Turkey, Pakistan vow support for Afghan dialogue
# 13 April 2011 20:34 (UTC +04:00)
Baku – APA. Turkey and Pakistan Wednesday voiced support for initiatives to stabilise conflict-torn Afghanistan, including efforts for dialogue with the Taliban, APA reports quoting AFP.
Presidents Abdullah Gul of Turkey and Asif Ali Zardari of Pakistan made the pledges in response to a question on whether Ankara had agreed to host a representation office for the Taliban and whether Islamabad would be ready to to help any dialogue process.
"2011 is a very critical year for Afghanistan... as the foreign troops will begin to withdraw... We are using all our capabilities to secure Afghanistan’s unity and integrity," Gul told a joint press conference.
"We are doing this in cooperation with Afghan President (Hamid) Karzai and all Afghan authorities... We will be part of any activity (aimed at) making further contributions to secure durable peace," he said.
He would not comment directly on the possible opening of a Taliban office in Turkey.

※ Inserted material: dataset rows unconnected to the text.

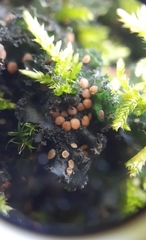 Leptochidium albociliatum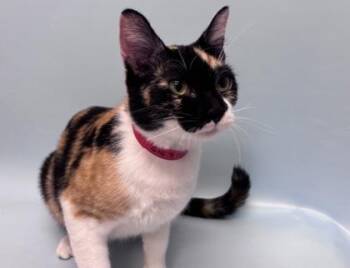 Casey -  Domestic Short Hair Cat for Adoption in Woodbury, Minnesota - Casey | PetCurious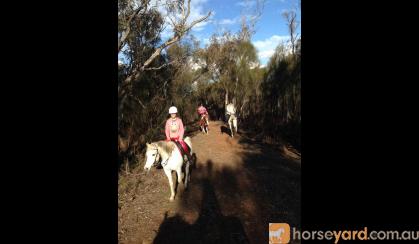 Forward moving Arabian Pony on HorseYard.com.au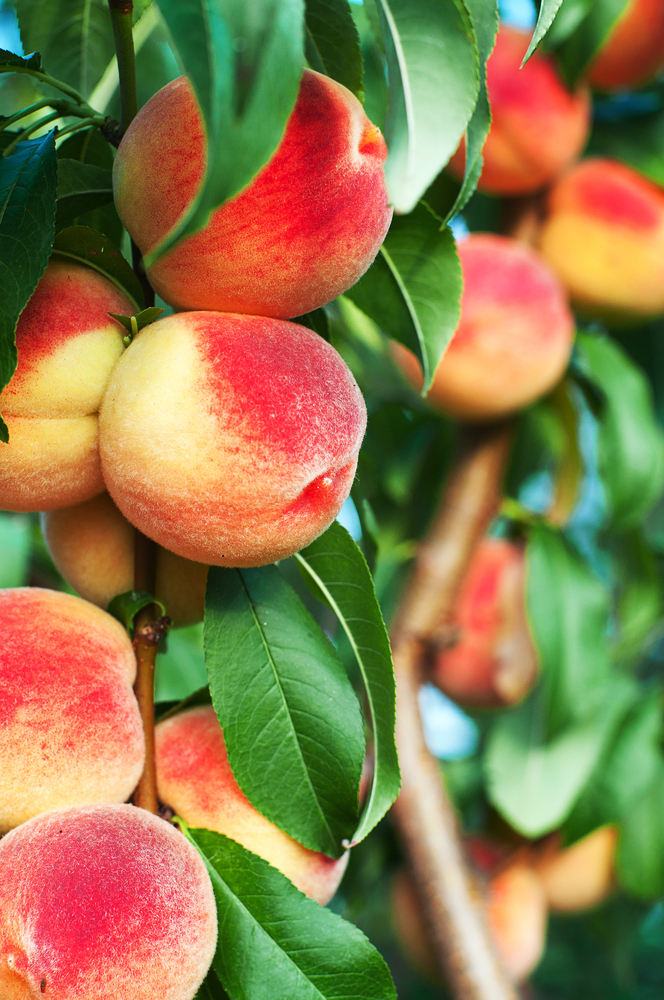 Bonanaza Patio Peach Trees For Sale Online The Tree Center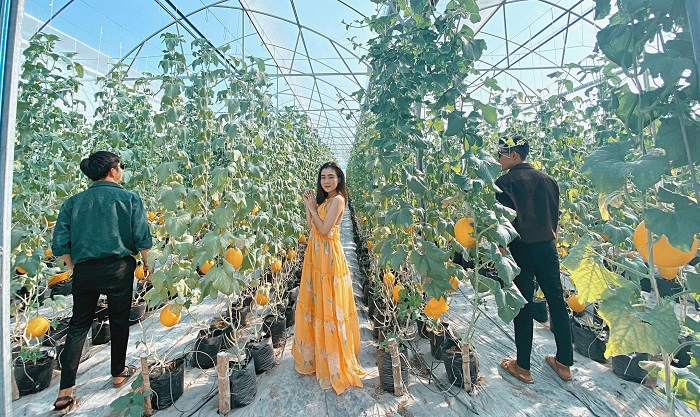 Vườn dưa lê - dưa lưới Út Phong - Các vườn trái cây ở An Giang nhất định phải ghé khi đến An Giang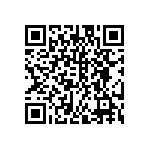 DW-12-13-G-D-300 QRCode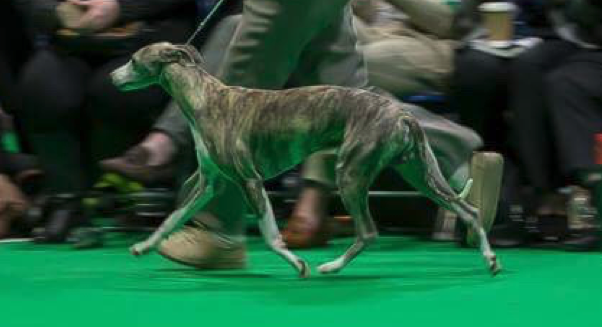 Jersey whippet wins big at Crufts
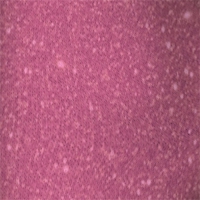 HUGO strømper i pink m. glimmer til kvinder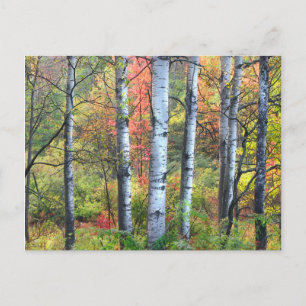 Aspen Trees in Autumn Postcard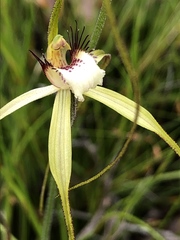 Caladenia pholcoidea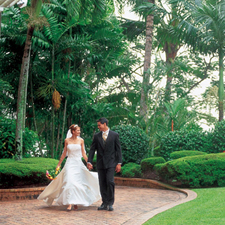 ����� Hilton Cairns, ����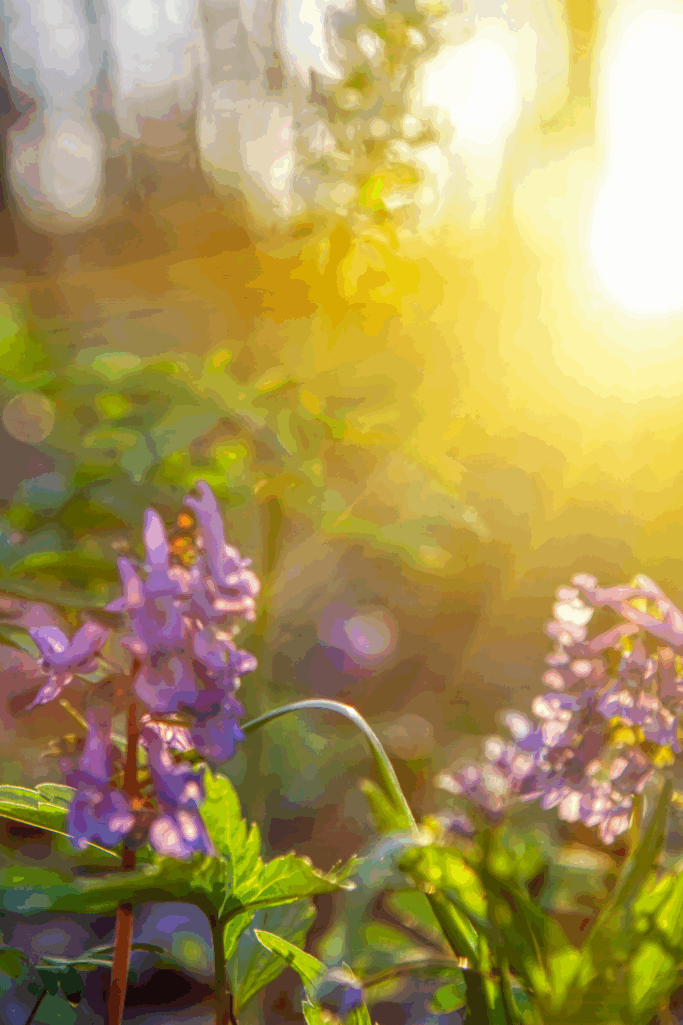 Start Your Day Calm: A Simple Summer Morning Routine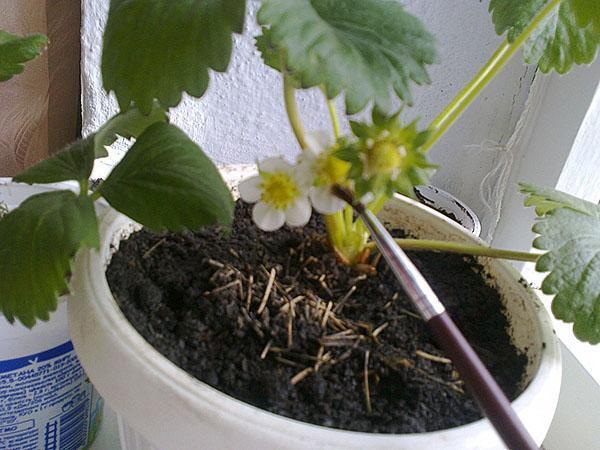 pollinisation des fraises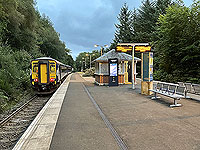 Gallus Running : 586_sm_031.jpg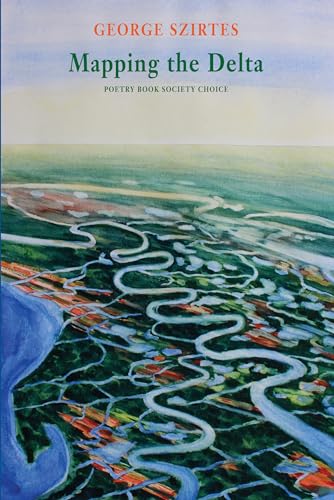 Beispielbild fr Mapping the Delta zum Verkauf von Better World Books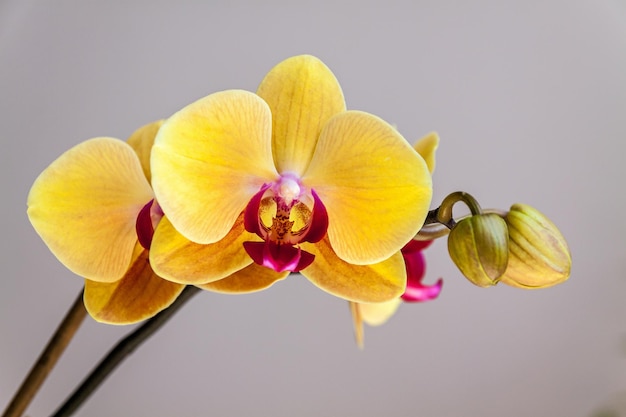 Yellow orchid flower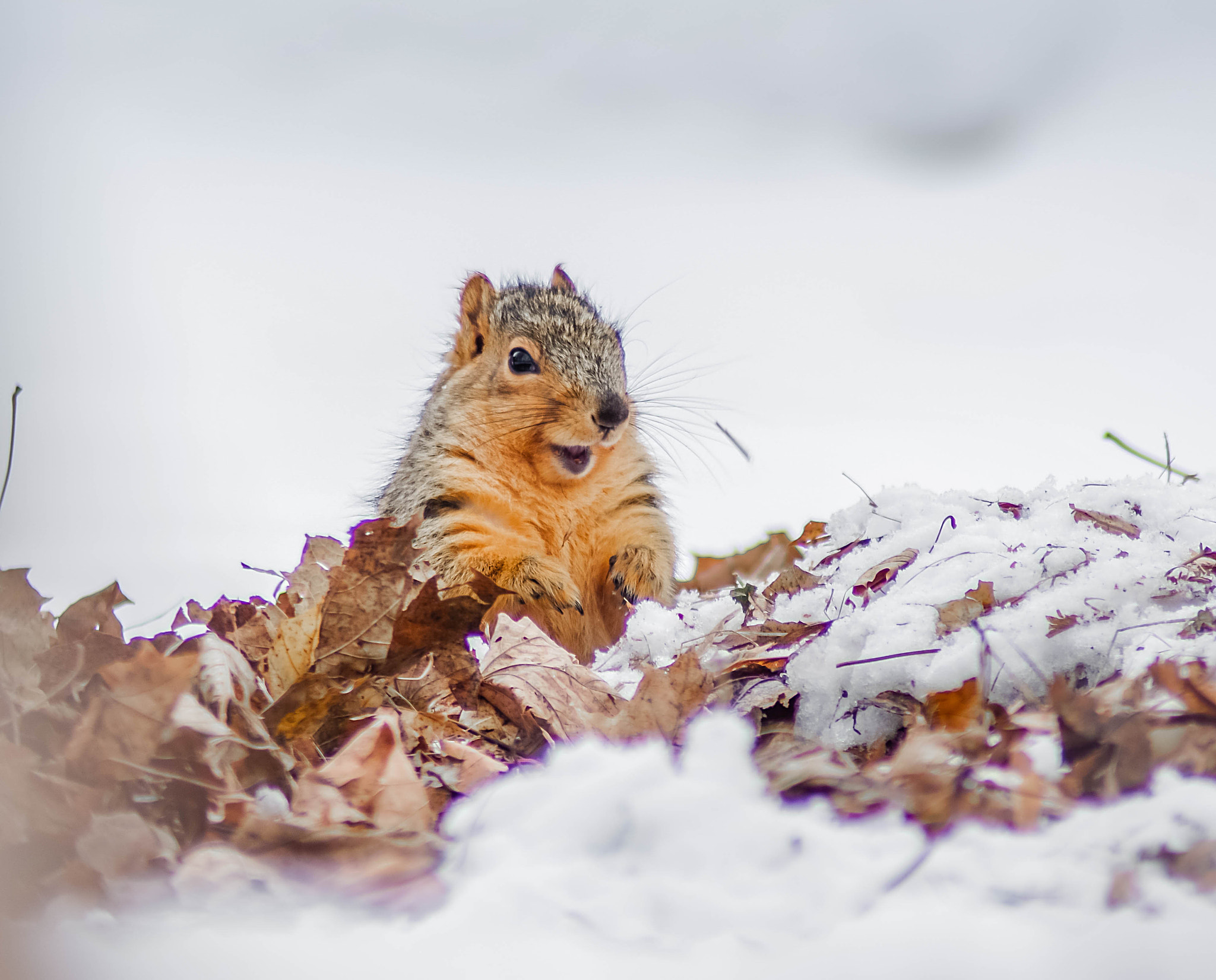 Tamron AF 70-300mm F4-5.6 Di LD Macro sample photo. Smile for the photo photography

Zerdari, on an official visit to Turkey, said Pakistan "believes in a peaceful transition and dialogue" in Afganistan, its western neighbour with whom relations have often been strained over insecurity plaguing their border.
"We’ll be facilitators to any format that leads to peace... Whatever needs to be done, Pakistan will be playing a positive role and hoping to facilitate the transition and dialogue," he said.
In December, Karzai spoke of suggestions that the Taliban open a representation office in Turkey or another impartial country "to facilitate reconciliation" in Afghanistan, saying he would be happy if Turkey could provide such a venue.
In February, Turkey pledged to help Afghanistan’s High Council For Peace (HCP), a body tasked with seeking dialogue with the Taliban, following talks with its chairman.
Karzai set up the HCP last year to pursue talks with the Taliban in return for them laying down arms and accepting the constitution. The Taliban have publicly rejected the peace overtures.
Turkey, NATO’s sole Muslim-majority member, has also organised talks between leaders of Afghanistan and Pakistan since 2007 to push them to cooperate against Islamist insurgents.
Afghanistan has been in the grip of a deadly insurgency waged by remnants of the Taliban since their regime was toppled in a US-led invasion in 2001, with the militants holding rear bases in Pakistan.
There are around 140,000 international troops in Afghanistan, including a Turkish contingent. They are due to start limited withdrawals from July with the Afghan police and army scheduled to take full control of security by 2014.